Related Blog Entries

7 Comments

  • Rick O's Gravatar
    Posted By
    Rick O | 8/25/06 2:37 PM
    You probably want to be doing a UNION ALL instead of a UNION. It eliminates the merging and sorting of a plain UNION, speeding it up by turning it into what amounts to query concatenation. (And since your sourceTable column will prevent cross-table duplicates, there's no reason not to.)
  • Rick O's Gravatar
    Posted By
    Rick O | 8/25/06 2:47 PM
    Also, as a third option, you could grab the top items in each table, union them, then grab the top of those. This means that you would be reducing the UNION ALL from two (possibly huge) tables to two one-row tables.

    I just ran a test on some fairly large tables here and saw a significant performance boost. The first way (huge UNION) returned a row in 0:48, while the second way (tiny UNION) returned a row in 0:29.

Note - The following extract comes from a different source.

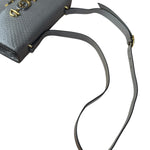 Gucci Zumi Grey Python Leather Small Shoulder Bag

    SELECT TOP 1 fname, lname, sourceTable, dateAdded FROM (
    SELECT fname, lname, 'Portal' AS sourceTable, dateAdded FROM (
    SELECT TOP 1 fname, lname, sourceTable, dateAdded
    FROM portalUsers
    WHERE (unApproved = 1)
    ORDER BY dateAdded DESC
    ) AS a
    UNION ALL
    SELECT fname, lname, 'Intranet' AS sourceTable, dateAdded FROM (
    SELECT TOP 1 fname, lname, sourceTable, dateAdded
    FROM intranetUsers
    WHERE (unApproved = 1)
    ORDER BY dateAdded DESC
    ) AS b
    ) AS c
    ORDER BY dateAdded DESC

    It certainly adds to the query complexity, but for large-table situations, it may make a big difference.
  • mkruger's Gravatar
    Posted By
    mkruger | 8/25/06 2:53 PM
    Excellent - thanks Rick - great stuff...
  • ep's Gravatar
    Posted By
    ep | 6/12/08 4:42 PM
    Can't you jsut do...

    SELECT TOP 200 * FROM
    (
    SELECT field FROM table1 WHERE (field= 'ahaaaa')
    UNION
    SELECT field FROM table2 WHERE (field= 'ahaaaa')
    ) as result
  • Anny's Gravatar
    Posted By
    Anny | 1/16/09 7:05 AM
    Great Post ! Would be great if you share more posts on mssql
  • Amaran Athigaman's Gravatar
    Posted By
    Amaran Athigaman | 2/19/09 11:55 PM
    I tried this , its working too

    SELECT TOP 200 * FROM
    (
    SELECT field FROM table1 WHERE (field= 'ahaaaa')
    UNION
    SELECT field FROM table2 WHERE (field= 'ahaaaa')
    ) as result

    what does this actually do, does it create any Dataset or anything..will this affect performance??.. whats the difference between this and inLineView.?
  • David's Gravatar
    Posted By
    David | 12/21/09 11:42 AM
    Wow, information on this was hard to find. I was getting that same error you described "NOTE: The subselect alias is required ("AS inLineView"). If you do not alias the subselect the query will error out - but there will be little indication in the error why it's throwing an exception." - thanks for helping me out! No idea why an alias would solve that error, but hey, whatever works!